In the real spirit of winter, especially as we are but an hour from the Alps, we went for Raclette on Saturday. The restaurant l’Altitude on Rue de Crequi is the best rated of the mountain style places in Lyon and is a very pine-plank walled ski-lodge of a spot. Raclette is a cheese and the deal with the eponymous dish is that the cheese is melted to the point of bubbling yummyness and then scraped over steamed potatoes to eat with various hams and dried meats with some nods at healthiness via sides of a green salad or haricot beans. It is meant to fill a starving stomach following hours of skiing in cold weather, so it is heavy and filling. Lazing around watching Fulham thump Bournemouth followed by England remarkably beating Wales in the 6 Nations is not the most exacting form of exercise as preparation for such a repast, but we did it justice. The Savoyard food or Mountain cuisine developed around what you can keep in semi-isolated mountain valleys during winter and pre-refrigeration. Cheese, air dried hams and sausages, potatoes and pickles are served in various forms; tartiflette, which is basically a complete baked cheese filled with potatoes and added cream to make it more runny; fondue, which is either melted cheese into which you dip stuff or Raclette, which is made from various hard mountain cheeses made from the milk of cows who have been grazing on the rich summer pastures like Comte, Beaufort or Raclette itself. 

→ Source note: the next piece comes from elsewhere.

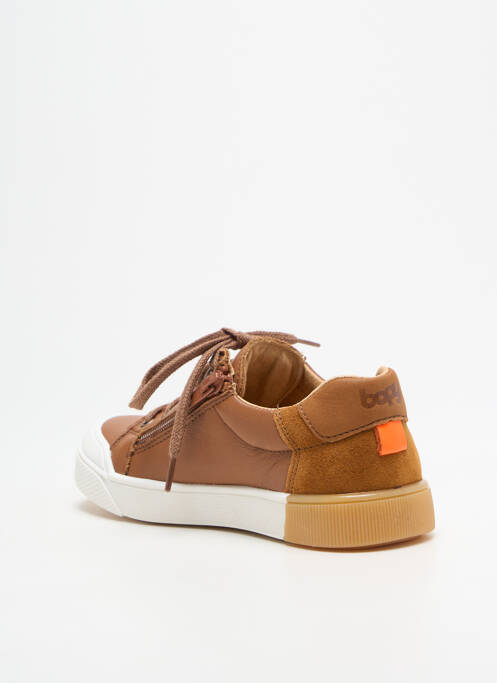 Adidași maro BOPY băiat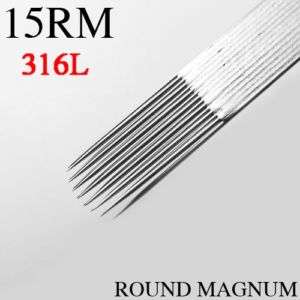 Tattoo Needle 13 Curved Magnum Mag 25 pcs High Quality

Most places have electric hot place devices to do the melting, but Altitude has charcoal fired table-top braziers that are awesome at heating the cheese together with the diners and just about look safe, in a way that you know would never be allowed in the US without a shit storm of lawsuits. By the time we had near consumed the 300g of cheese allocated per person, we were cheery-cheeked and down to t-shirts. They unsurprisingly do a good line in ice cream and sundaes to help you cool down. The ice cream was seriously good, house made and artisanal, including a Charteuse flavored one, which is a bit their thing as they have a bunch of cocktails using the green and yellow monk’s bane. To finish, I felt obligated to have a Chartreuse but chickened out and went with the 2cl rather than the 4cl option. They presented a special glass about the size of a thimble, into which a monstrous Jeroboam sized bottle of the green lightning poured by measure. I had forgotten how much of a punch it packs, and we agreed we should have a bottle at home, it’s a very Lyon thing.